The control of strategic resources and key waterways by communist powers is not mere chance. Arguably, the Cold War did not end in 1991. And that is something the Pentagon's classified "Nuclear Posture Review" doesn't fully recognize. While American strategists plan to deter aggression against Israel, Taiwan and South Korea, these same strategists are prepared to junk the bulk of America's strategic nuclear arsenal. According to the Pentagon, "the Nuclear Posture Review puts the Cold War practices … behind us." This is due to "the new relationship between the U.S. and Russia." The report further states: "As a result of this review, the U.S. will no longer plan, size or sustain its forces as though Russia presented merely a smaller version of the threat posed by the former Soviet Union."

It's a funny thing. While the United States is still prepared to attack Russia with nuclear weapons, it nonetheless hopes to unilaterally reduce its nuclear forces from 7,000 down to a level of "1,700 to 2,200 operationally deployed strategic warheads."
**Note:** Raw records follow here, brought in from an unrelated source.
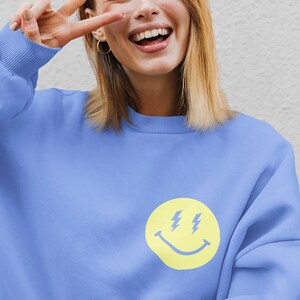 Lightning bolt smiley face sweatshirt clearance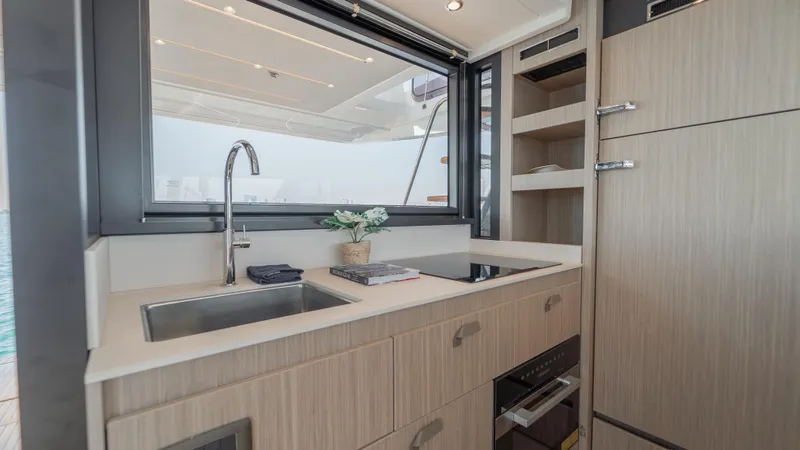  Yacht Photos Pics Modern kitchen interior on a 2025 Prestige F4.9 yacht, featuring sleek cabinetry and appliances.
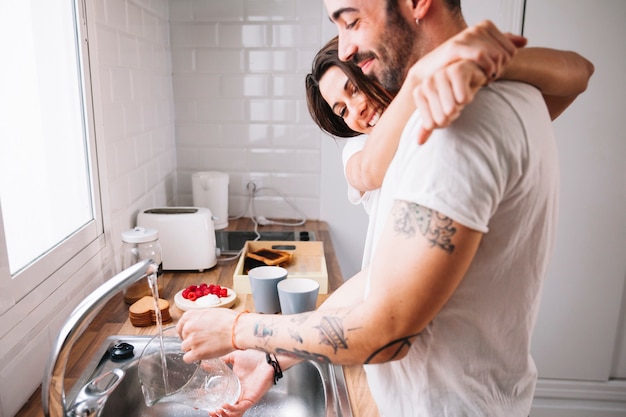 Man washing dishes for woman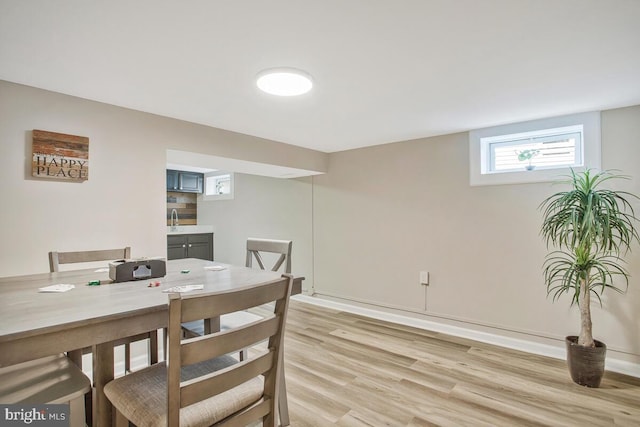 dining room with light wood-style floors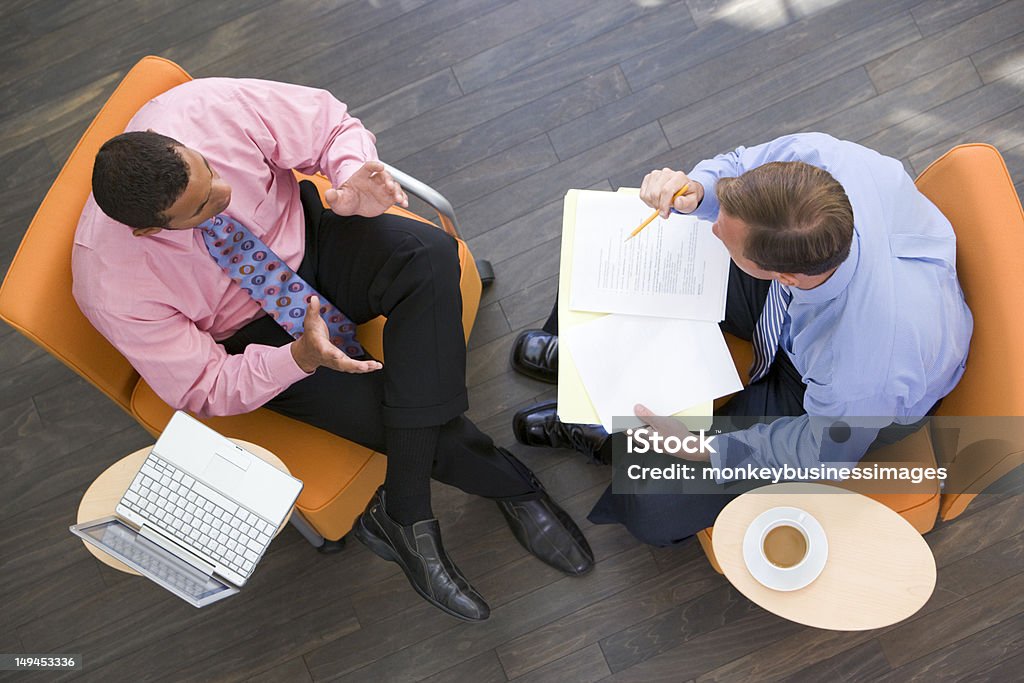 Due uomini d'affari seduti al chiuso con cartella e caffè portatile - Foto stock royalty-free di Riunione commerciale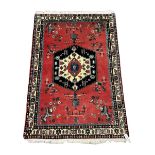 Persian red ground rug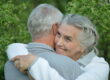 Beautiful elderly couple hugging in the park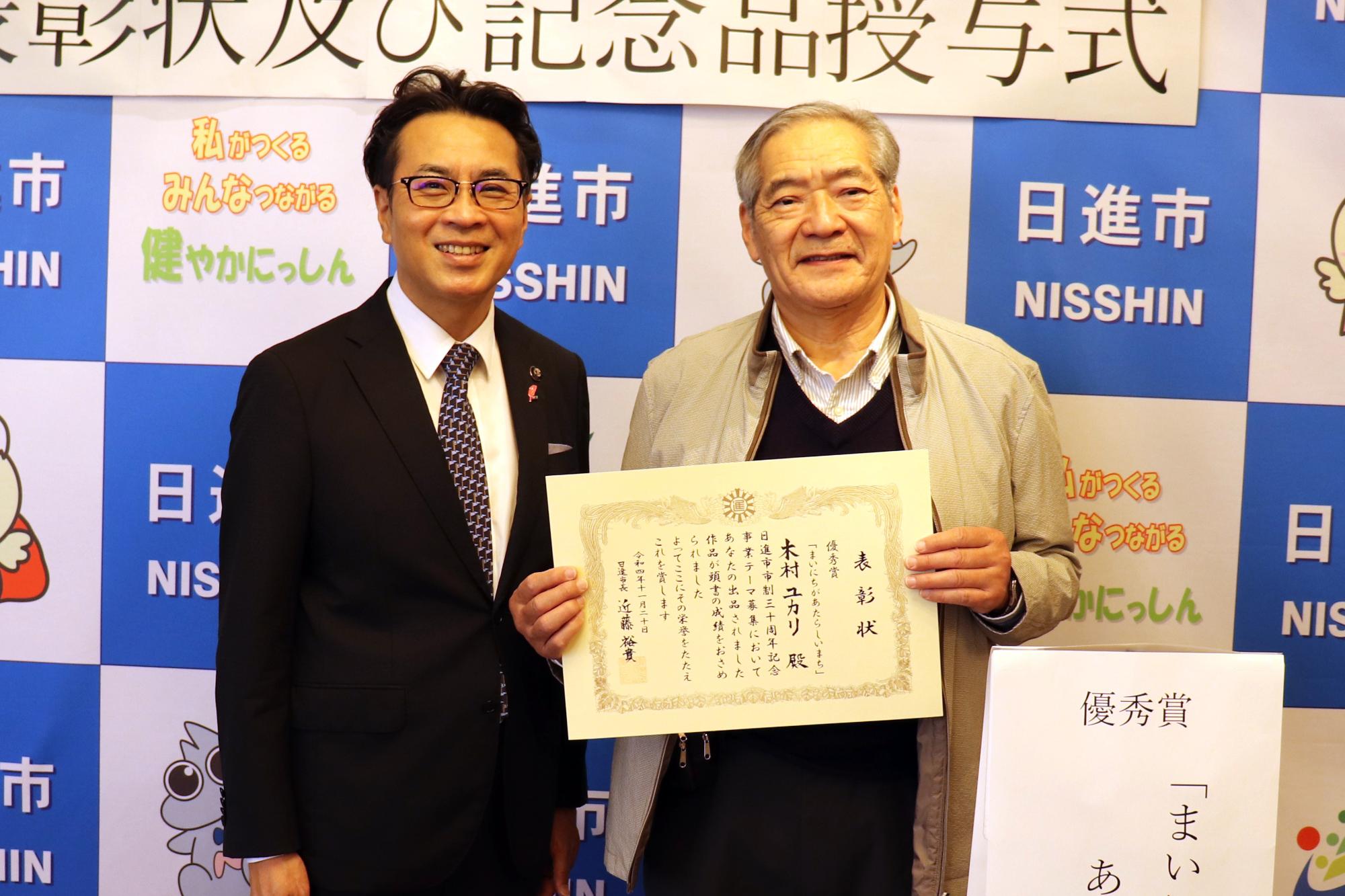 優秀賞を受賞した木村ユカリさんの代理人と記念撮影をする近藤市長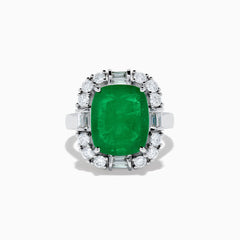 The Brasilica 14K White Gold Emerald and Diamond Ring features a large rectangular emerald center, surrounded by a halo of round and baguette-cut white diamonds, set on sleek 14K white gold.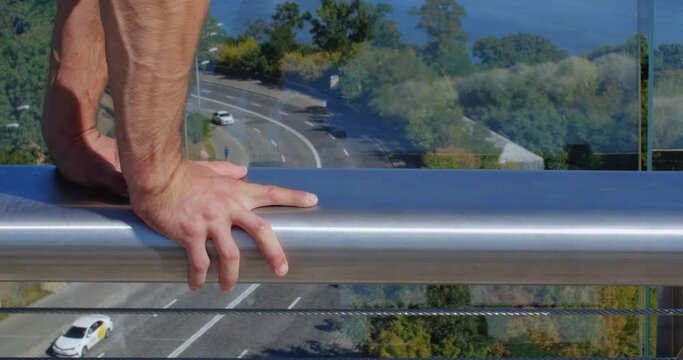 Close up hands  of professional acrobat performing dangerous trick on the railing of the glass bridge against backdrop of city. Caucasian guy walking on hands  on a narrow metal pipe
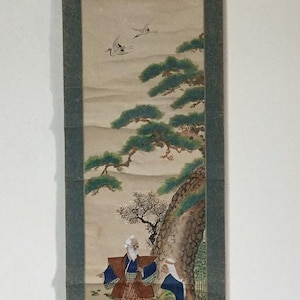 以下が含まれることがあります： 2 人の人物が木の下にいる様子を描いた日本の巻物絵画。空には鶴が飛んでいる。このアートワークは、詳細な筆致と、落ち着いた色合いの穏やかな風景が特徴です。巻物は濃い緑色の縁で縁取られています。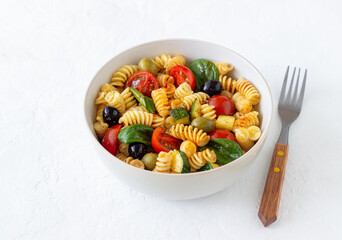 Pasta salad with tomatoes, zucchini, olives and spinach. Healthy eating. Vegetarian food.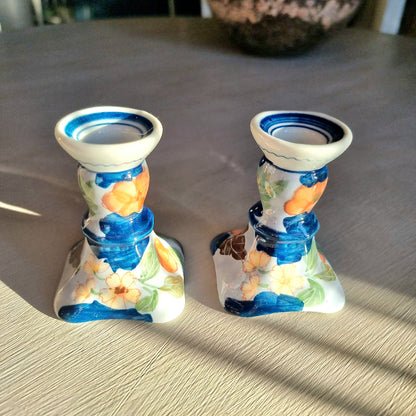 Pair of vintage hand-painted ceramic candlestick holders with orange peach and pink floral design on white glaze with cobalt blue brushstrokes and trim, flared square base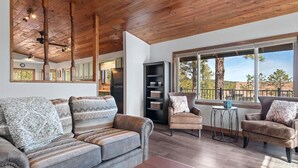 A spacious living room with a wooden ceiling, a large window with a view, and a cozy seating area with a sofa and armchairs. - Pinedale Cabin Getaway (Rapid City)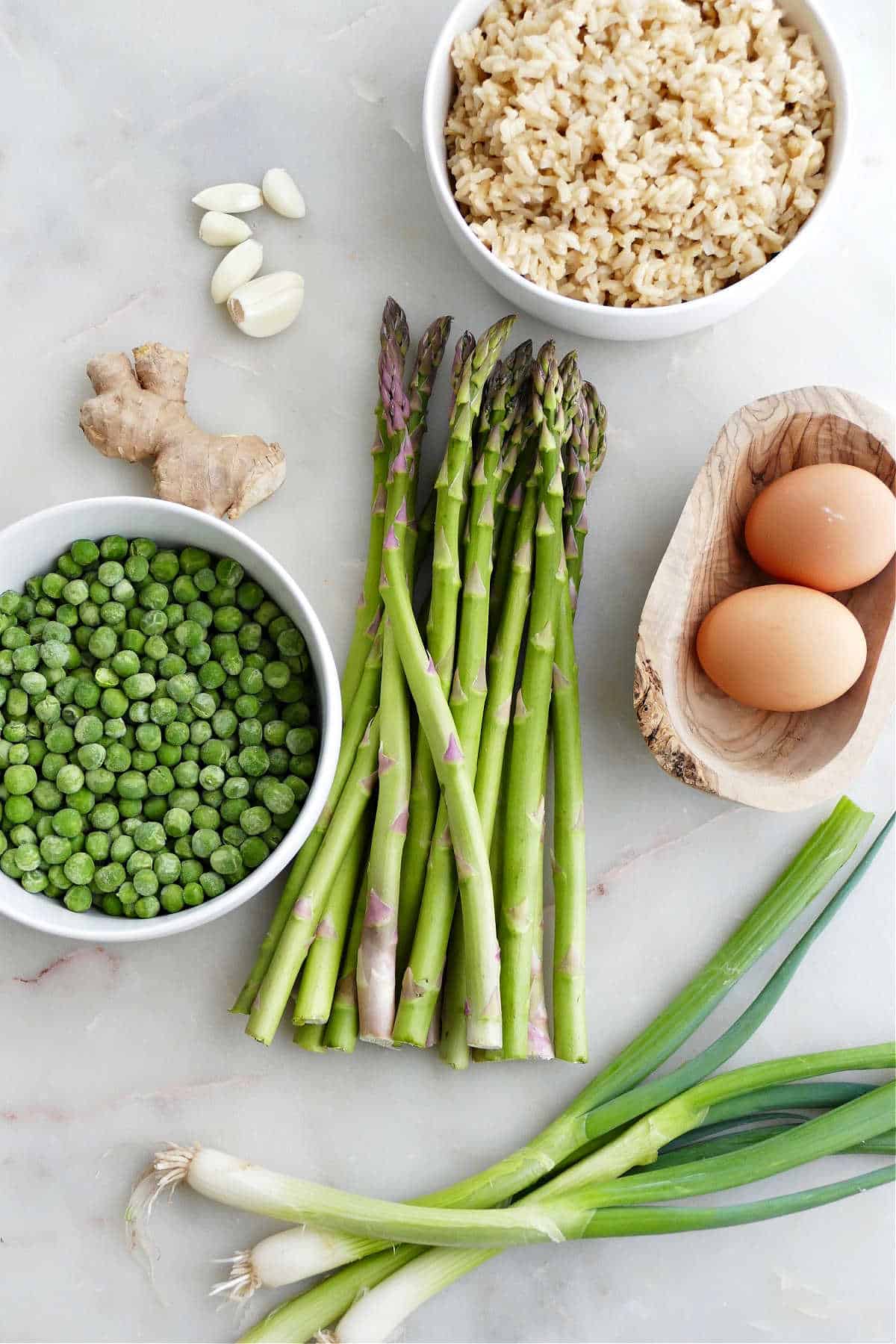 brown rice, asparagus, eggs, scallions, peas, ginger, and garlic on a counter
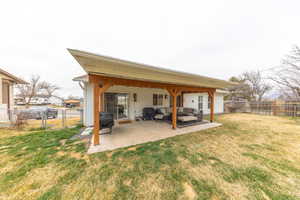 Back of house featuring modern wooden beams/posts , creating a nice  outdoor hangout area.
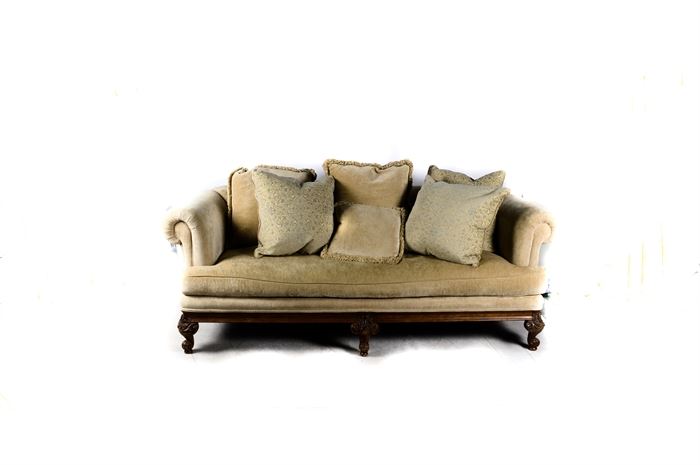 Contemporary Louis XV Style Sofa: A contemporary Louis XV style sofa. This upholstered piece features a straight crest rail with rolled arms, flanking a cushion seat over a wooden apron rising on decorative carved cabriole legs terminating on pad feet. The legs include acanthus leaf detail. The sofa is upholstered in a beige fabric. Also included are matching accent pillows. There are no visible maker’s marks.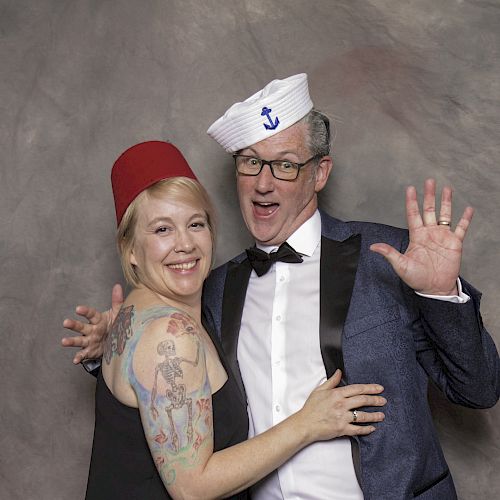 Two people are posing together, wearing hats and formal attire, with the man making a playful gesture and the woman smiling.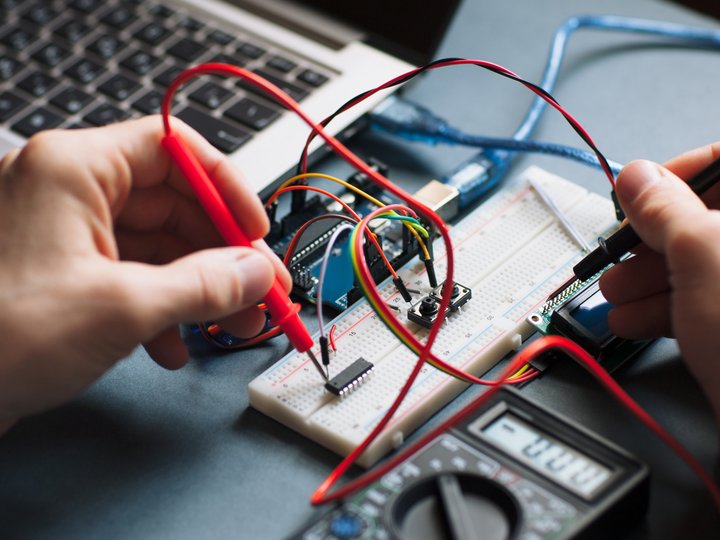Elektromechaniker Person misst mit Multimeter auf einem Steckbrett mit elektronischen Bauteilen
Many Americans erroneously believe that large numbers of nuclear weapons are unnecessary to deter a nuclear surprise attack from Russia. But anyone studying the voluminous literature on the subject (from Russian and U.S. military sources) will be shocked to learn that nuclear exchanges could be far less destructive and catastrophic than novelists and movie producers would have us believe. According to a two-volume study by the CIA's award-winning nuclear war expert, Peter Vincent Pry, "the belief that nuclear war is not survivable is false." If nuclear weapons are used strictly against military targets (i.e. in counterforce strikes that do not target major cities) Russia might successfully disarm the U.S. with a surprise attack. Pry argues that, "the possibility of nuclear victory, the glimmer of hope that nuclear war just might have a favorable outcome, cannot be made entirely to disappear." Because nuclear victory exists as an idea, especially in the anti-Western mind, the United States cannot afford to unilaterally reduce its deterrent force to 1,700 deployed warheads in the face of a much larger Russian threat. As Pry explains, "best estimates for U.S. casualties in a counterforce nuclear war range from a low of 1.5 million, according to a U.S. Defense Department study, to a high of 34 million, according to Frank von Hippel of Princeton University. These estimates indicate that 85 to 99.35 percent of the U.S. population and social infrastructure would survive a counterforce nuclear war. Soviet survivals would be higher."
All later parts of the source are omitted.